How to define covariant basis in curved space 'intrinsicly'?

[arpon]

In Euclidean space, we may define covariant basis by the partial derivative of position vector with respect to each coordinates, i.e.
##∂R/(∂z^i )=z_i##
But in curved space (such as, the two dimensional space on a sphere) how can we define covariant basis 'intrinsicly'?(as we have no position vector in curved space intrinsicly)

 

[Matterwave]

You have no position vector, but you can still define functions on your manifold. The vectors will correspond to directional derivatives of arbitrary functions. Usually we will see something like:

$$e_i=\frac{\partial}{\partial x^i}$$

Now ##x^i## is NOT the components of a vector in a curved space, but just a set of coordinates for the space.

 

[HallsofIvy]

One thing that often confuses beginners in "differential geometry" is that they have been used to using, in Calculus, "position vectors". "Position vectors", extending from a fixed origin to the point, can exist only in Euclidean space. (I used to worry a great deal whether "position vectors" on the surface of a sphere "curved" around the surface or went straight through the sphere!) In fact, the only vectors we ca deal with in general spaces are tangent vectors- which leads to "all vectors are derivatives". If we are given a path on the surface of a sphere, for example, a tangent vector to that path is tangent to the sphere and is a derivative.
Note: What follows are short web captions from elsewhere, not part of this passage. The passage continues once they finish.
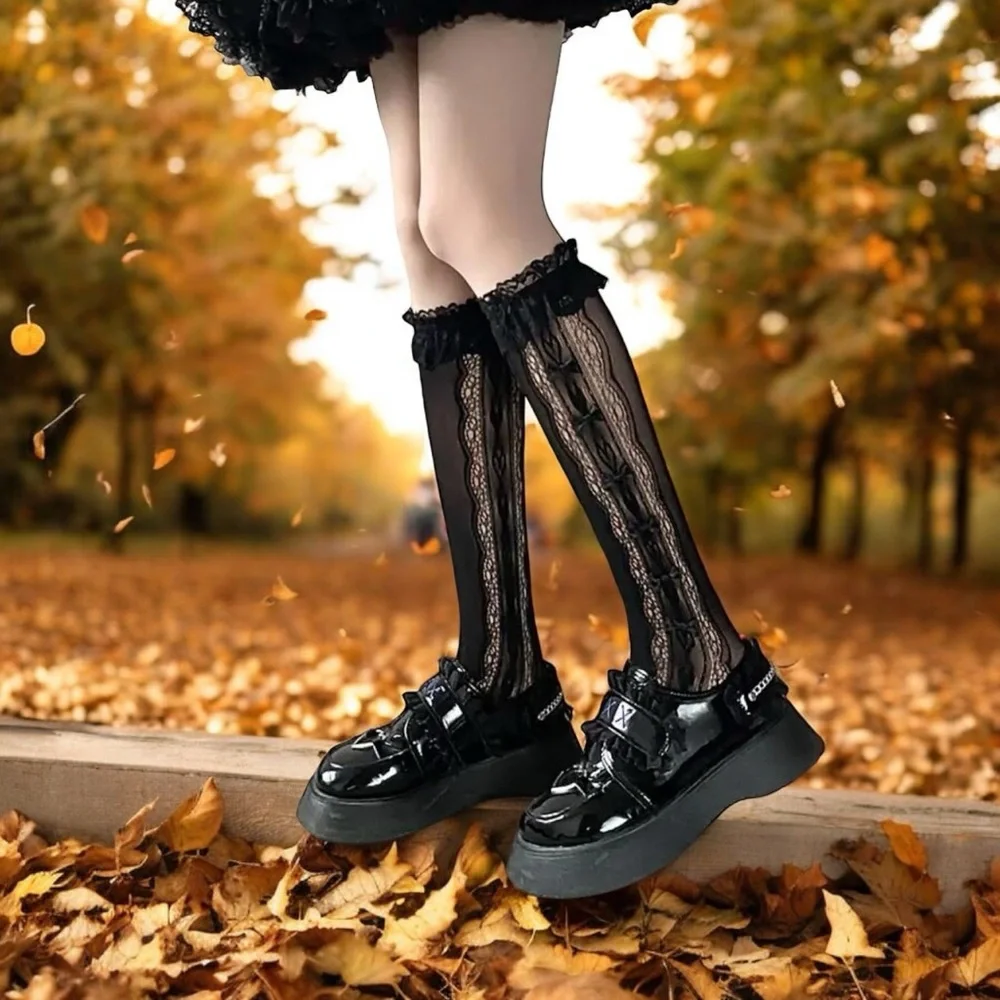 Retro Vintage Style Bow Accent Knee High Socks‎ Flirty Ruffle Trim Soft Lace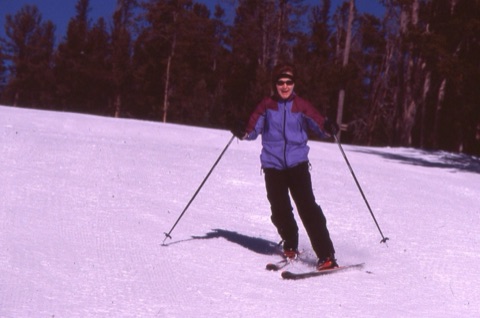2000s Bonnie Noble skiing and smiling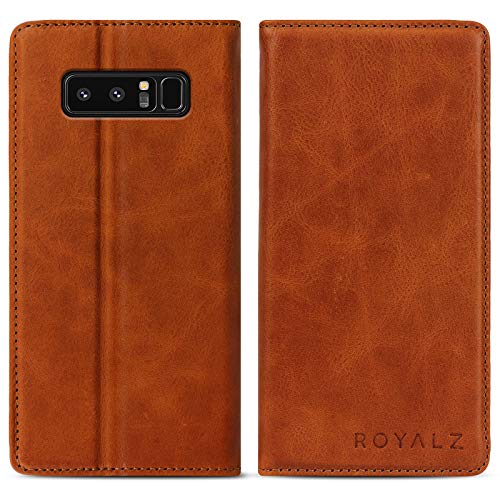 eFabrik ROYALZ Schutzhülle für Samsung Galaxy Note 8 Ledertasche (6.3 Zoll) Lederhülle Tasche Book Case Cover Schutztasche Handyhülle Hülle Vintage Leder -Unsichtbares Magnet, Farbe:Cognac Braun von eFabrik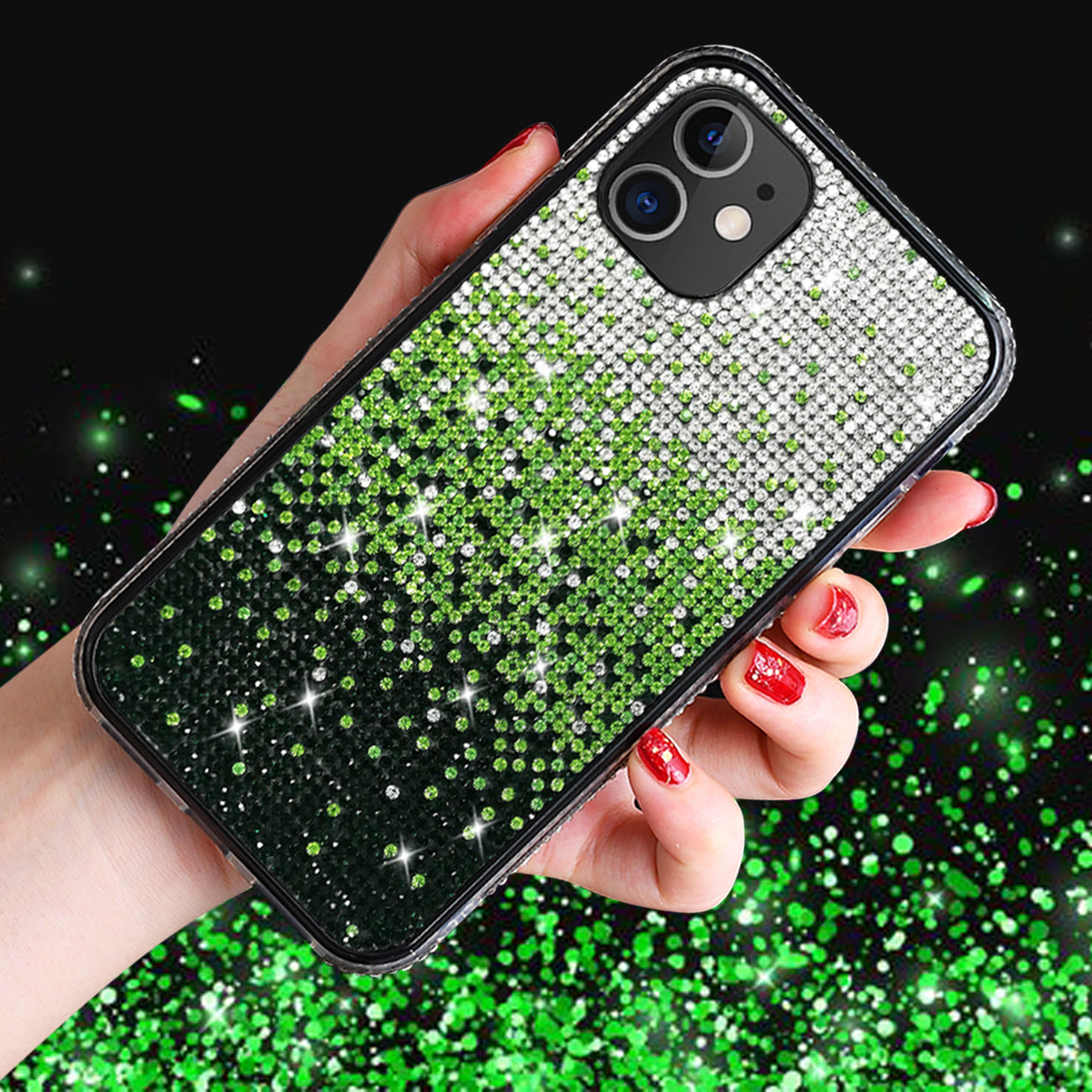 Case Diamond Design Apple iPhone XR Green Color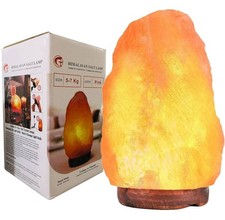 Himalayan Rock Salt Lamp 5–7KG with Dimmer Switch Cable Wooden Base 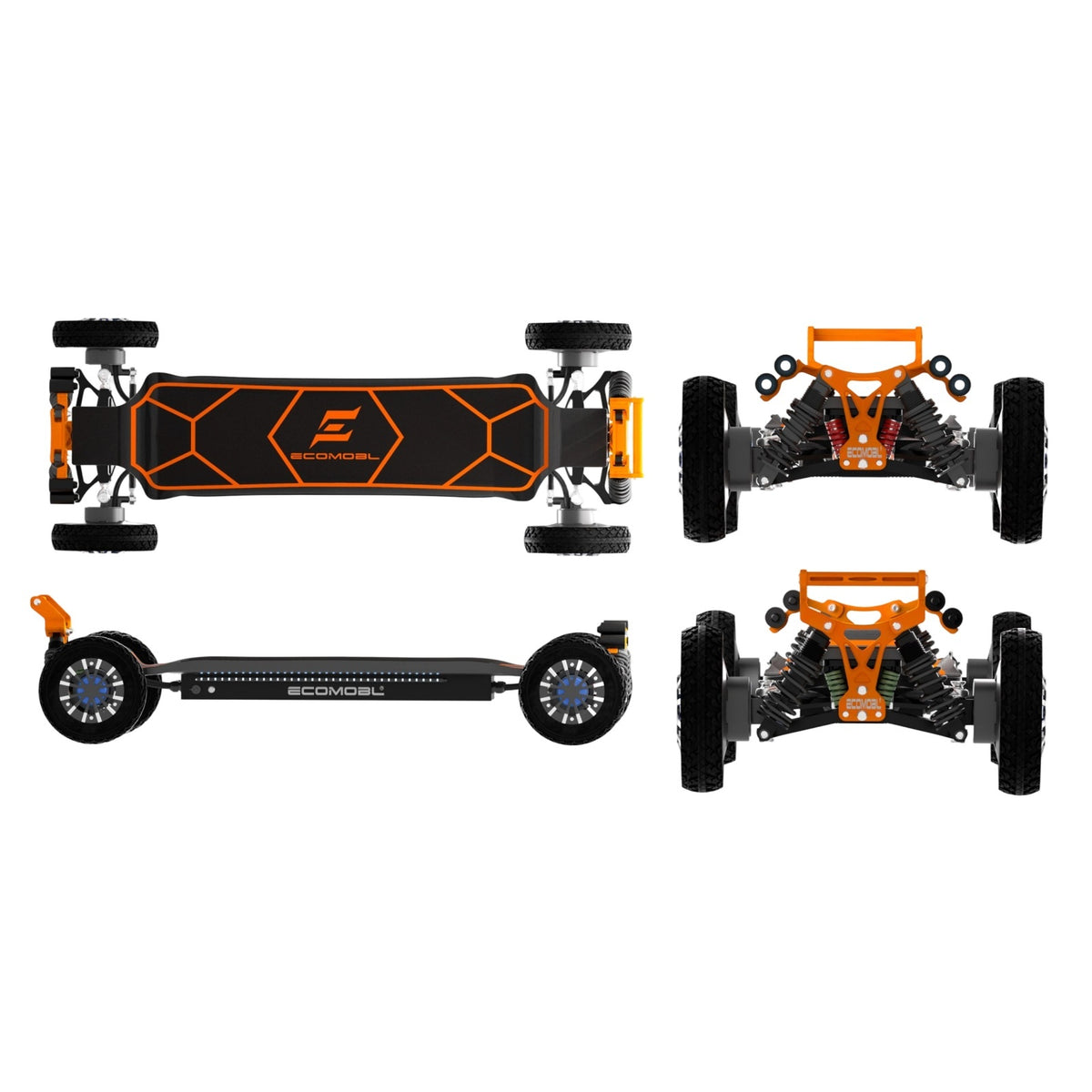 ECOMOBL M24 4WD Off-road Electric Skateboard 4*3750W 20Ah Battery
If you look at all the tangent vectors to a sphere at a give point, you have a vector space- the "tangent space" or "tangent plane" at that point. The "contravariant vectors" are simply the functions that assign a given tangent vector at each point. And when you have a vector space, you have it "dual space", the set of all functionals on that vector space. That is, the set of all functions that, to every vector assign a number. It is easy to show that the set off all such functionals on an n-dimensional vectors space is, itself, an n-dimensional vectors space. Those are the "covariant vectors"

Since vectors "are" derivatives, we can write every vector in terms of, say, [itex]\partial/\partial\theta[/itex] and [itex]\partial/\partial\phi[/itex] (or derivatives with respect to whatever parameters are used to define the surface). Functions that assign a number to derivatives are integrals so every "co-vector" or "covariant vector" can be written as, applying the functional to vector v, [itex]\int v\cdot (f(x,y,z)dx+ g(x,y,z)dy+ h(x,y,z)dz)[/itex] so that we can think of the basis for the space of covariant vectors as [itex]dx[/itex], [itex]dy[/itex], and [itex]dz[/itex].